Brendan Murtagh (born 1983) is an Irish hurler. His league and championship career with the Westmeath senior team spanned twenty seasons from 2001 until 2020.

Born in Mullingar, County Westmeath, Murtagh was educated at Mullingar Community College and later at Sligo Institute of Technology. He first played competitive hurling at juvenile and underage levels with Clonkill, before later joining the senior team. The highlight of Murtagh's club career was the winning of an All-Ireland medal in the intermediate grade in 2008. He also won a Leinster medal and six senior county championship medals. As a Gaelic footballer, Murtagh won two senior county championship medals with the Downs club.

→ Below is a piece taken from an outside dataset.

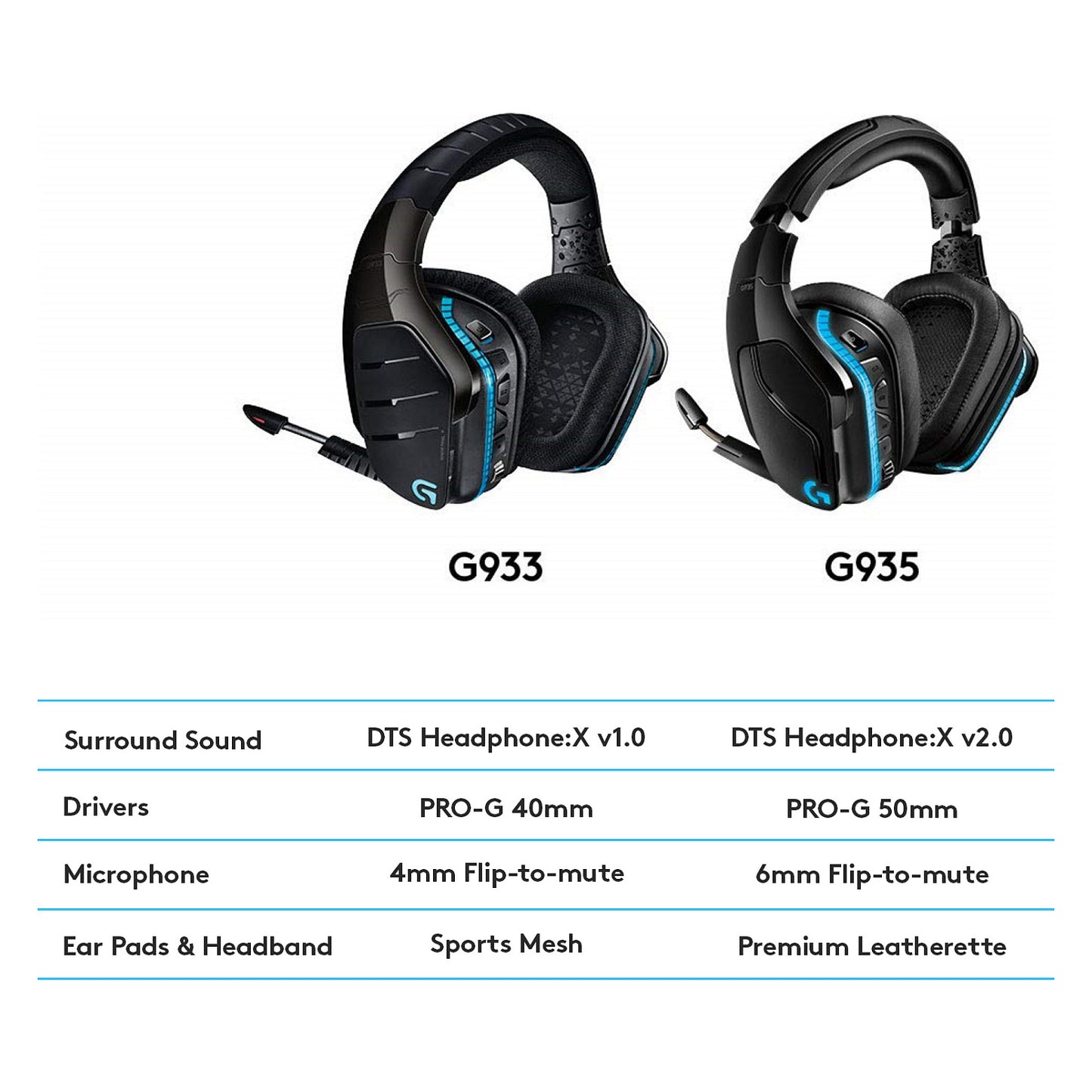 Logitech G935 Gaming Headset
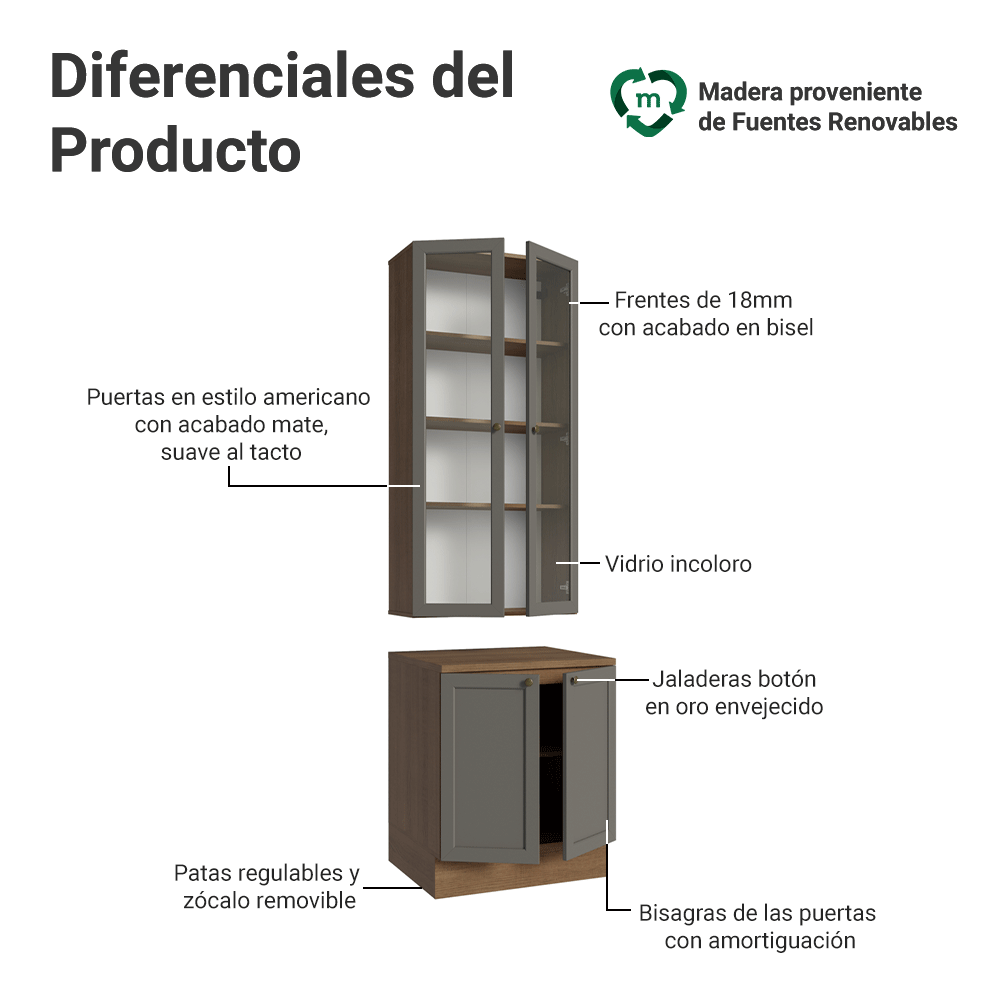 Kit Bajo Mesada + Cristalero 70 cm Vik Marrón/Gris 01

Murtagh made his debut on the inter-county scene at the age of fifteen when he was selected for the Westmeath minor team. He enjoyed a successful tenure in this grade, culminating with the winning of an All-Ireland medal in 1999. Murtagh subsequently joined the Westmeath under-21 team, winning All-Ireland medals in 2000 and 2003. By this stage he had also joined the Westmeath senior team, making his debut during the 2001 championship. Over the course of the next seventeen seasons, Murtagh won three Christy Ring Cup medals. He also won a National League Division 2 medal in 2008. Murtagh played his last game for Westmeath in November 2020.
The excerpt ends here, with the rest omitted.